WLCG Operations Call details

  • At CERN the meeting room is 513 R-068.

  • For remote participation we use the Vidyo system. Instructions can be found here.

General Information

  • The purpose of the meeting is:
    • to report significant operational issues (i.e. issues which can or did degrade experiment or site operations) which are ongoing or were resolved after the previous meeting;
    • to announce or schedule interventions at Tier-1 sites;
    • to inform about recent or upcoming changes in the experiment activities or systems having a visible impact on sites;
    • to provide important news about the middleware;
    • to communicate any other information considered interesting for WLCG operations.
  • The meeting should run from 15:00 until 15:20, exceptionally to 15:30.
  • The SCOD rota for the next few weeks is at ScodRota
  • General information about the WLCG Service can be accessed from the Operations Web
  • Whenever a particular topic needs to be discussed at the daily meeting requiring information from site or experiments, it is highly recommended to announce it by email to wlcg-operations@cernSPAMNOTNOSPAMPLEASE.ch to make sure that the relevant parties have the time to collect the required information or invite the right people at the meeting.

Monday

Attendance:

  • local: Andrea Sciaba', Herve' Rousseau (IT-DSS), Lorena Lobato (IT-DB), Manuel Guijarro (IT-PES), Maarten Litmaath (ALICE)
  • remote: Michael Ernst (BNL), Hung-Te Lee (ASGC), Lisa Giacchetti (FNAL), Sang Un Ahn (KISTI), Tommaso Boccali (CMS), Tiju Idiculla (RAL), Dmytro Karpenko (NDGF), David Cameron (ATLAS), Rolf Rumler (IN2P3-CC), Pepe Flix (PIC), Dimitri (KIT), Kyle Gross (OSG)

Experiments round table:

  • ATLAS reports (raw view) -
    • Grid running very full over the weekend, not much else to report.

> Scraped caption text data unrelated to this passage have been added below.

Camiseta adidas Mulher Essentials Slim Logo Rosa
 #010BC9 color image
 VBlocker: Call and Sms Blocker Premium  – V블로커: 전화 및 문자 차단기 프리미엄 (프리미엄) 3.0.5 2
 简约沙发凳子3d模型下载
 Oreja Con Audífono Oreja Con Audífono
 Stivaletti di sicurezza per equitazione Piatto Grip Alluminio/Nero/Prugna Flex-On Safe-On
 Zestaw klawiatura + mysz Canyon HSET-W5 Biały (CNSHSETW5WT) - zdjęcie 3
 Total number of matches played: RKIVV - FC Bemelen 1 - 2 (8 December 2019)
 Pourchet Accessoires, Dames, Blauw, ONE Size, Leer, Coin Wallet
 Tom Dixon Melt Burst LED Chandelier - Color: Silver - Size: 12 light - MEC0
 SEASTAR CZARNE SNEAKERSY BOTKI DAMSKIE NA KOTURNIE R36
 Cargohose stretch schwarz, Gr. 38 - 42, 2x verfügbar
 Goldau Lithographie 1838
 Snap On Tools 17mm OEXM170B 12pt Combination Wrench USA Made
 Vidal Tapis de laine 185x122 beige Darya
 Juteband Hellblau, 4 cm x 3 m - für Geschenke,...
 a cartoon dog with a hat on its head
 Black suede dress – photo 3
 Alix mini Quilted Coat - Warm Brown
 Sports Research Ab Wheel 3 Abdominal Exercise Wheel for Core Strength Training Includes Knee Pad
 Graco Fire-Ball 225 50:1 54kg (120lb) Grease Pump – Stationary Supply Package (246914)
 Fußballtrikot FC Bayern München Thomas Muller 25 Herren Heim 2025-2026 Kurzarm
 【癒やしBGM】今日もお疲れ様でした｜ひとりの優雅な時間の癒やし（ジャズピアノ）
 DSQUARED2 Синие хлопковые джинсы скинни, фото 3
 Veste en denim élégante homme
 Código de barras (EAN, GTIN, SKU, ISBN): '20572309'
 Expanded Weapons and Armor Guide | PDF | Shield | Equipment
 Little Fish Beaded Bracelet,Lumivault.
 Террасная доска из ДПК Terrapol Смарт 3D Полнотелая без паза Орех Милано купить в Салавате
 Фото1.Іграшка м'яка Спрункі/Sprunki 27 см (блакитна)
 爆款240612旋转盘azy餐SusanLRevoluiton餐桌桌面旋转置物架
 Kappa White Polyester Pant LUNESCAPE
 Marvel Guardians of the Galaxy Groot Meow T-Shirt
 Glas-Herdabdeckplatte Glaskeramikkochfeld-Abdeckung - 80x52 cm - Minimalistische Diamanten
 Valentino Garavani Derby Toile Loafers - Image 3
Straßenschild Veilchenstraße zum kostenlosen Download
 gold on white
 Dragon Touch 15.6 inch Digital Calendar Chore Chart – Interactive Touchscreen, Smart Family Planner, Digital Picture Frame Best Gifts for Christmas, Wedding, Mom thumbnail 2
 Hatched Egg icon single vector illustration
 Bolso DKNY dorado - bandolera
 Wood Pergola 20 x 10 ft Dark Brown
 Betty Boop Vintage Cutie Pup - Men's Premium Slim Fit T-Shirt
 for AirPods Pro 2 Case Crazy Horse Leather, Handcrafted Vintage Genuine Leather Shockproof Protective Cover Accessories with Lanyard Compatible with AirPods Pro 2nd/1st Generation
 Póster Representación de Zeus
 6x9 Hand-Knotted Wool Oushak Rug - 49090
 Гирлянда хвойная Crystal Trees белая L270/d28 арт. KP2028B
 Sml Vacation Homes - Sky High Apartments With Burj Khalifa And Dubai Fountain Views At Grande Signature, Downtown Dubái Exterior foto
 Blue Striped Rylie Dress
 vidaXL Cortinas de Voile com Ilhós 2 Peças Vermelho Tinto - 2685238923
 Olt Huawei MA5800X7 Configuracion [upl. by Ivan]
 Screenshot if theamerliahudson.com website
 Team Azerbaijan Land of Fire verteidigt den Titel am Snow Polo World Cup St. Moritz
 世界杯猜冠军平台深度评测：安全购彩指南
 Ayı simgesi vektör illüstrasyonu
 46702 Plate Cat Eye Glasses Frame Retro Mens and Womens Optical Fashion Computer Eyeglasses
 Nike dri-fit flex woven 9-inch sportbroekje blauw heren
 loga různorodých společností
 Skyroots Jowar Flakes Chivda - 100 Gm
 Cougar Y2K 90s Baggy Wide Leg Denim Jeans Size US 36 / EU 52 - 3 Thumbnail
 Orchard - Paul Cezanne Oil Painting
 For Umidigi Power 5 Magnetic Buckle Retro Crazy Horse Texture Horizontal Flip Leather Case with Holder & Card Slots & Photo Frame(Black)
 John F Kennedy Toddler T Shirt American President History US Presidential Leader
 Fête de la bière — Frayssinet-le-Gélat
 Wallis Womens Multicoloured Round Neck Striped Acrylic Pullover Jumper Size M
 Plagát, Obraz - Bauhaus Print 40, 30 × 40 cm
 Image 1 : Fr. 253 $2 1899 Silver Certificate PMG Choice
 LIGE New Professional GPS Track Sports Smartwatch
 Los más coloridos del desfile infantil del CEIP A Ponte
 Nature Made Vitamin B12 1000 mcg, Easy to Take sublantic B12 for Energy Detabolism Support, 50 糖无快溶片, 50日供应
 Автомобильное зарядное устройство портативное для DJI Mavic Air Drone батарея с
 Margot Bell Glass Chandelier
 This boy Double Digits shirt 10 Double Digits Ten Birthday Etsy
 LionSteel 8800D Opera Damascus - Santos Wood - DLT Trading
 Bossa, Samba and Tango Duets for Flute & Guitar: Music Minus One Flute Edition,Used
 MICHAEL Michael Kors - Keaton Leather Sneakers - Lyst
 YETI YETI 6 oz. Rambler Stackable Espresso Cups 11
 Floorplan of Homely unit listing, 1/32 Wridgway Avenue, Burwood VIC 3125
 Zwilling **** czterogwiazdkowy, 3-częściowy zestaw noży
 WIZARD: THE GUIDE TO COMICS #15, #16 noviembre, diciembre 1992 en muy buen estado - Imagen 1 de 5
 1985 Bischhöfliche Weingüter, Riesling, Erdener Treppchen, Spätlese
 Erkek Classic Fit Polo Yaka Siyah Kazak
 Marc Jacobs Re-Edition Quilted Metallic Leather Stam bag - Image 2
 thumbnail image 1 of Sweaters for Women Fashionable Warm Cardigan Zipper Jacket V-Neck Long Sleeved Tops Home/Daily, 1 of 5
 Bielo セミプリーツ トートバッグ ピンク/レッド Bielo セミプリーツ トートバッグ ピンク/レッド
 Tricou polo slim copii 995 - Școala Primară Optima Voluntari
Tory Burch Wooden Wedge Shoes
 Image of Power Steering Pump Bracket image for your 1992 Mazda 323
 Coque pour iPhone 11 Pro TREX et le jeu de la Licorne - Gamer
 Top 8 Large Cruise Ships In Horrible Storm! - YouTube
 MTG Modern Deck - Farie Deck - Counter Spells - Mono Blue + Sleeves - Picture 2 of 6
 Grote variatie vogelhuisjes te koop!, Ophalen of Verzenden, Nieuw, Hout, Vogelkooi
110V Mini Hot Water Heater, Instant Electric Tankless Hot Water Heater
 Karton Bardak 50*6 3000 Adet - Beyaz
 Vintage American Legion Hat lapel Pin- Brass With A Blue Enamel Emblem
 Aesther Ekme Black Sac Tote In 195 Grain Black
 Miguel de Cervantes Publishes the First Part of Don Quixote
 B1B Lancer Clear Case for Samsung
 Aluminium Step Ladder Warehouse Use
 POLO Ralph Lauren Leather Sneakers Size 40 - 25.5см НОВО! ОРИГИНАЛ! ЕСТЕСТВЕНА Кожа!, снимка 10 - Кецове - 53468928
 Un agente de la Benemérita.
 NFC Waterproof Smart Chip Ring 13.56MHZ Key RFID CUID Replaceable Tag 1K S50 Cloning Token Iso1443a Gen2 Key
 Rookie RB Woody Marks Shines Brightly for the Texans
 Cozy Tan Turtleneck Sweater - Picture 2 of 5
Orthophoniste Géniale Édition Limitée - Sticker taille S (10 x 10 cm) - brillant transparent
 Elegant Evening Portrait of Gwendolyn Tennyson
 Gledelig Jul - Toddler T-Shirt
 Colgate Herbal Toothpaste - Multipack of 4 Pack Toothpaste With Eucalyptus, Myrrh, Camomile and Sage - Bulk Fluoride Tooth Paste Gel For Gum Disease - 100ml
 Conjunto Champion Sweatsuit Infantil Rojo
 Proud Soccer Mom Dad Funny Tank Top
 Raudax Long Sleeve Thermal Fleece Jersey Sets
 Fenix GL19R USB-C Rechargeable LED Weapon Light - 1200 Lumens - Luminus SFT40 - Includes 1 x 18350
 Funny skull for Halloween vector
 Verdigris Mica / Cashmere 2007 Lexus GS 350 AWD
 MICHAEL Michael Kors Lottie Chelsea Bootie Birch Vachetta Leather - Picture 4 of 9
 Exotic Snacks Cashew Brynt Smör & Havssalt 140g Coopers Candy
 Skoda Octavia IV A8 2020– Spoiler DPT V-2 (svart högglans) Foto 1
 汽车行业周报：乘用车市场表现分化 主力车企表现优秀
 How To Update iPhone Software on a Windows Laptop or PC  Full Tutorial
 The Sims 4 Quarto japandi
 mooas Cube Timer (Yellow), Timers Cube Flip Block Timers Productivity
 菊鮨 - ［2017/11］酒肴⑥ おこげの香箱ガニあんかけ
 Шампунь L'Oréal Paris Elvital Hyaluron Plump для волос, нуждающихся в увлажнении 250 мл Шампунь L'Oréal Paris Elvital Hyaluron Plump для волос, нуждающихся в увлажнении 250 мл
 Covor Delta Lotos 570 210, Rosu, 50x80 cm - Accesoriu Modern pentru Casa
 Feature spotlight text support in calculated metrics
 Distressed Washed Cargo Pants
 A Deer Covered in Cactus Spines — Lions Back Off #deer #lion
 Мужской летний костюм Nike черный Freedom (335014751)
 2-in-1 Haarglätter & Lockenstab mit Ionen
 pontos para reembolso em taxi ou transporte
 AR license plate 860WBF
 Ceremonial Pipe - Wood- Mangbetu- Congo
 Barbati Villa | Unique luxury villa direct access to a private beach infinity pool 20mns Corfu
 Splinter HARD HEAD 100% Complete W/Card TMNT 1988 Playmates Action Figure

  • CMS reports (raw view) -
    • 2015 Production ongoing (at least the one for Trigger)
    • A few issues which were worth a ticket (mostly for cern / storage related problems):
      • GGUS:113687 (CERN OPEN): all the SAM for T2_CH_CERN* are failing on eoscms, with "ERROR: [SE][GetSpaceTokens][SRM_AUTHORIZATION_FAILURE] httpg://srm-eoscms.cern.ch:8443/srm/v2/server: not mapped./DC=ch/DC=cern/OU=Organic Units/OU=Users/CN=sciaba/CN=430796/CN=Andrea Sciaba". It could be a nasty effect of user "sciaba" having primary group = ALEPH(xu) and not CMS(zh). But in any case, why it is happening just now (it has always been like this). STILL OPEN ERROR CHANGED TO CGSI-gSOAP running on samnag-ai-08 reports Error reading token data header: Connection reset by peer
      • GGUS:113664 (CERN CLOSED): a serious problem with all the files written to EOS by T0 becoming unreadable later on, with metadata error. Solved by IT, but basically blocked T0 activities for ~12 hours at least.
      • GGUS:113657 (CERN OPEN): "the transfers to/from T0_CH_CERN are failing"; it seems to be working by now - the answer we got was CASTOR overloaded, but ticket still open. It happened again during the we.
      • GGUS:113032 (CERN OPEN): it seems a local EOS redirector misconfiguration, with some of the used ports firewalled?
      • GGUS:113707 (IN2P3 OPEN): jobs failures with "site-local-config.xml does not exist in CVMFS (looked at /cvmfs); is CVMFS running and configured properly?". Not completely clear if on the site or on services, investigating. more info sent to IN2P3: it seems SAM and prod jobs use a different site-local-config.xml?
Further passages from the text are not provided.